Using the above as a mental map:

  1. technical discussions (technical control along bottome) in the rough consensus, working code stage need more precise versioning so details can be thrashed and matters that have been settled, can pinhole cite in case later participants raise variations of the same objective.

  2. on the other hand businesses that are looking to invest significant resources into an DLT, would like to see certainty in the timescale of decades (middle left)… which means distrust of anything too new so finality is welcome … even with known bugs (cough browser feature sets), they can be worked around because cross-chain consistency is more important.

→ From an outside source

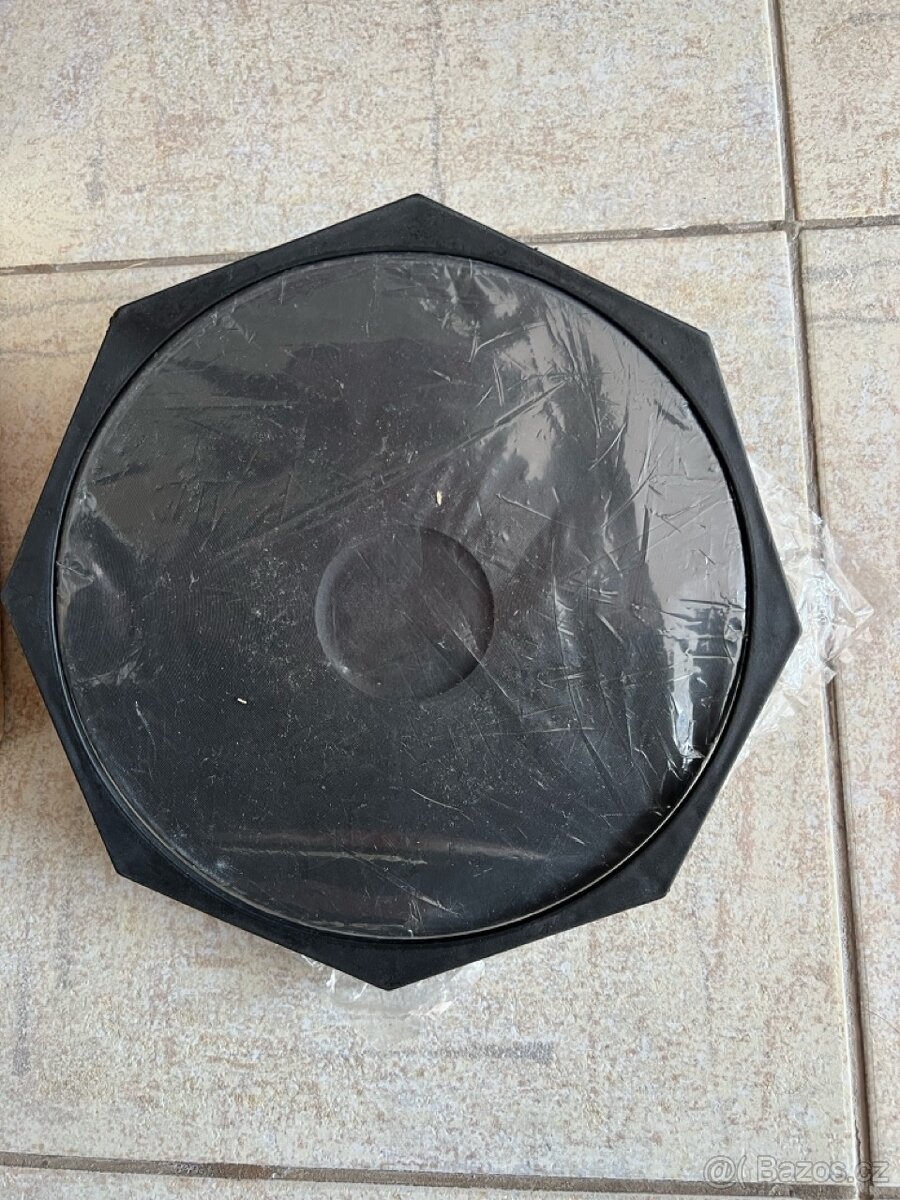 PLOTNA LITINOVÁ D = 180 MM, 230 V, 1500 W - 2 ks - 6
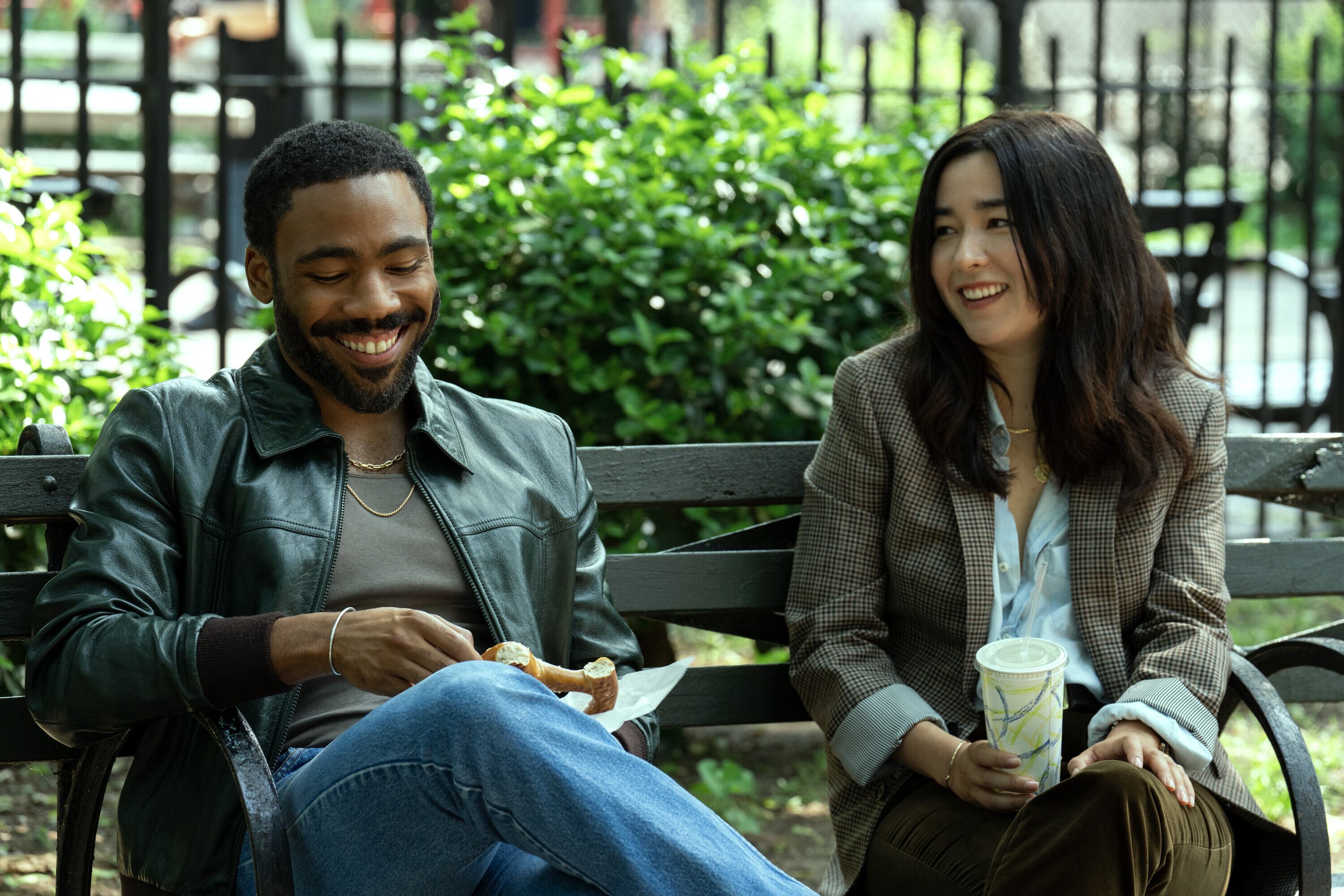 Donald Glover en los primeros instantes junto a Maya Erskine. (Prime Video)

  3. the gap between where new knowledge (eg of vulnerabilities) arises and the standards are slow to update are where attacks have the biggest detrimental impact. You can have different “standards” (eg tech and legal) moving at different speeds, so long as there is a clear coupling / stapling between the two. For example, the tech standard might say every 5-7 years have a review which then gets compiled in the market accepted practices which can be ratified at the legislative/regulative level (middle right of centre).

However, there should be some way of clustering closely related topics … at the moment, variations of treating NFTs are numbers across quite unrelated pull requests. An complementary proposal would be

For easy human memonics, EIPeditors should have the discretionary power to alias ERC-??? [alpha] to a future EIP …

eg ERC-20A might be aliased to that EIP which calls a recipient function upon transfer if commonly used). That way you’d only need to recall the shortened form.